> You do, but it's easy: run a compile, fix the errors, repeat until no more errors.
The reason this doesn't work is that previously the double-quote literal was a "string" type. The string type was, yes, just a sequence of bytes, but in an ascii-centric world that also mean text.
Python2 added unicode string literals that accepted unicode code points. Most APIs were happy to sloppily mix the two and generally work quite adequately.
Python3 then made the hard distinction between byte-string and unicode-string. Not an unreasonable position to take on the face of it. The issue is many python2 APIs were written from the perspective of "accepts string literal types", where that could be either bytestring or unicode string.
Now suppose you have a large codebase in python that spans the entire stack from database interaction, to webserver, to desktop application. All built on double quoted string literals. Accepting unicode strings in the places that needed that (user-facing places mainly, utf-8 bytestrings anywhere being stored on disk or sent over network)

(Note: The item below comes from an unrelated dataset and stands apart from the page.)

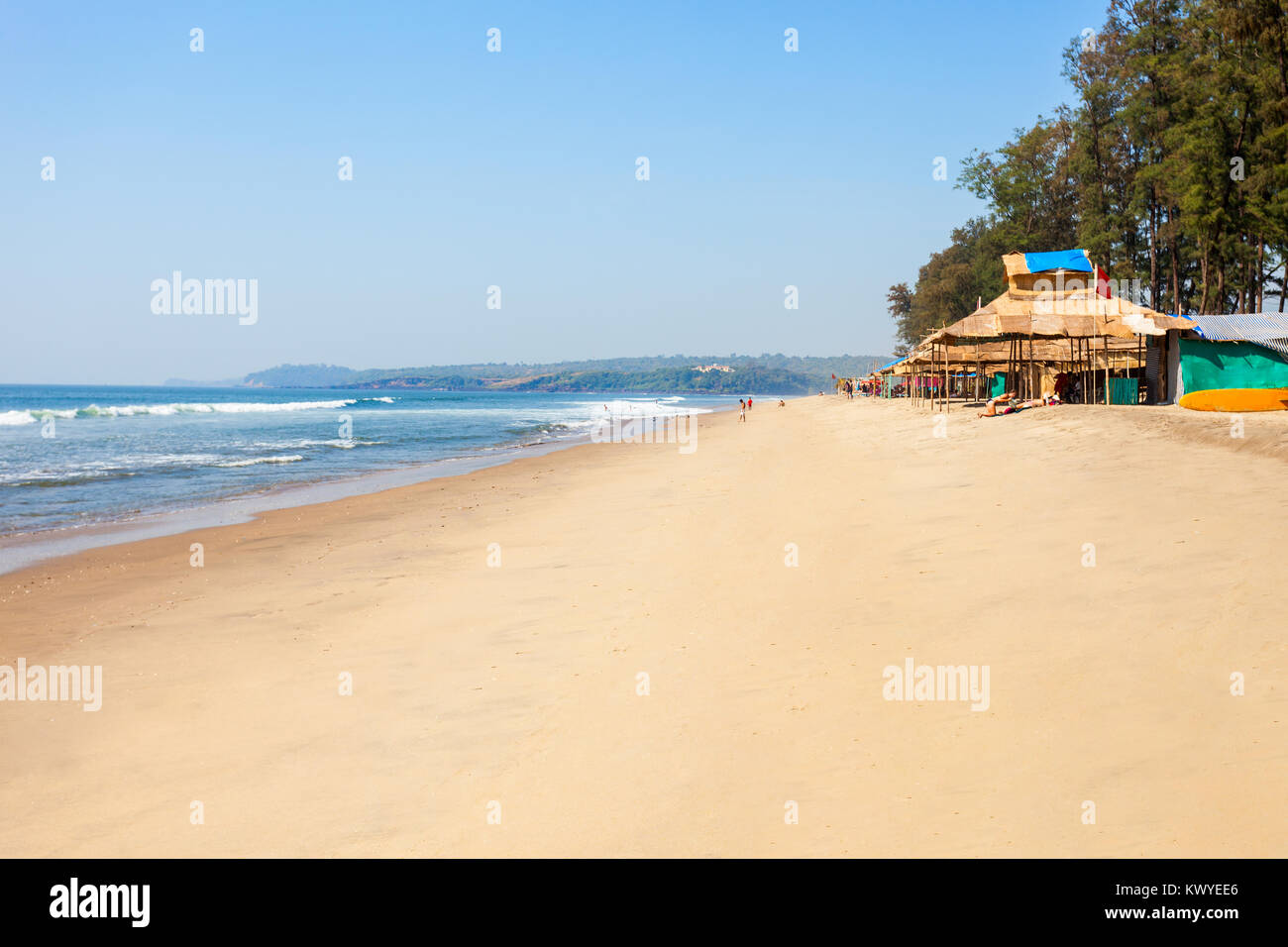 Beach Shack auf Keri oder Kerim oder Querim Beach in North Goa, Indien Stockfoto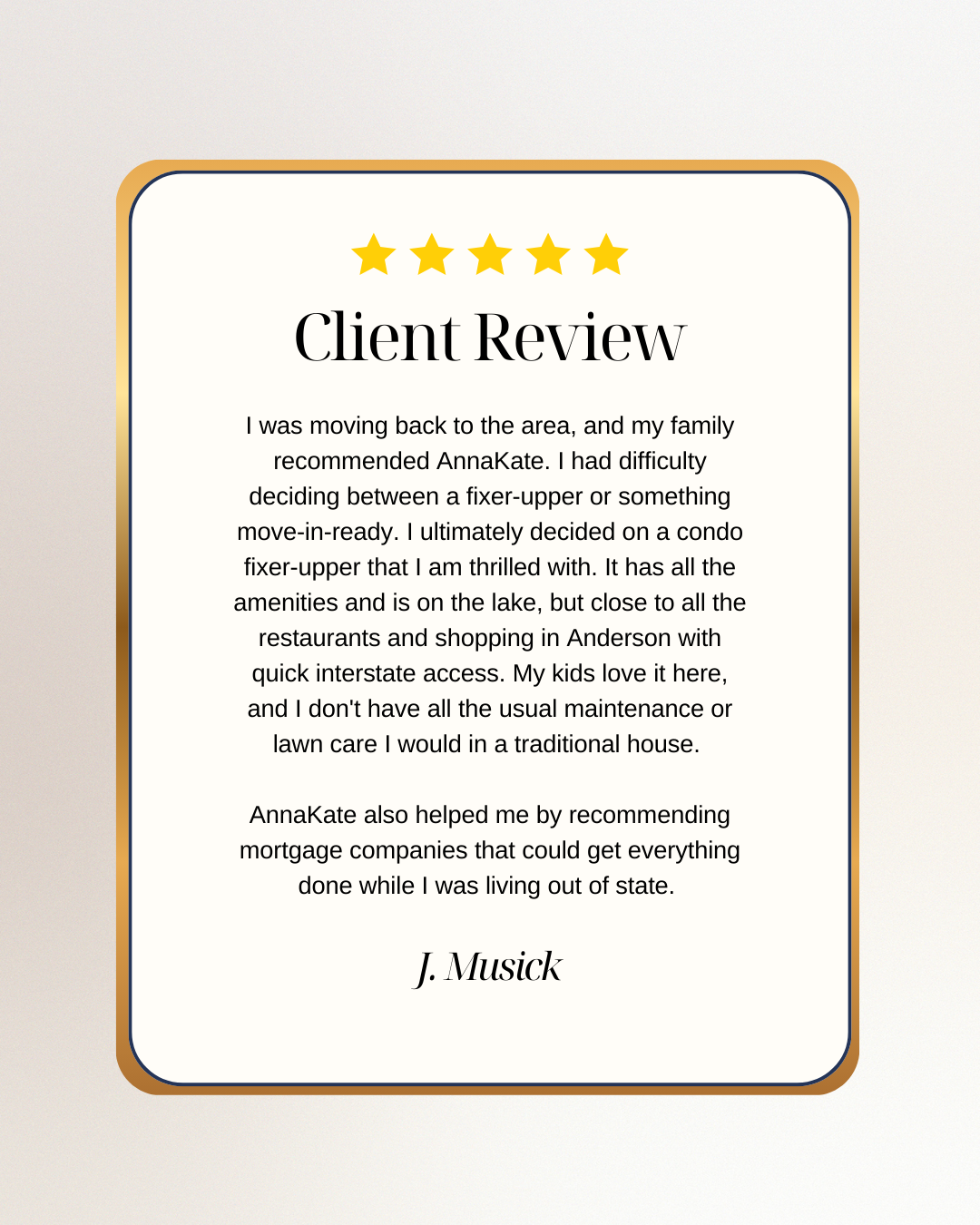 White and Yellow Classic Real Estate Client Review Testimonial Instagram Post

Then you go to switch to python3, and suddenly all of your string literals are interpreted as unicode instead of bytestring / ascii sequences. So now you need to go through every place in your codebase that accepts strings as an argument and determine, "is this a user-facing string, or a utf-8 bytestring", because they used to be basically the same thing, and now they aren't.
It's not "difficult" really, it's just a pain in the neck.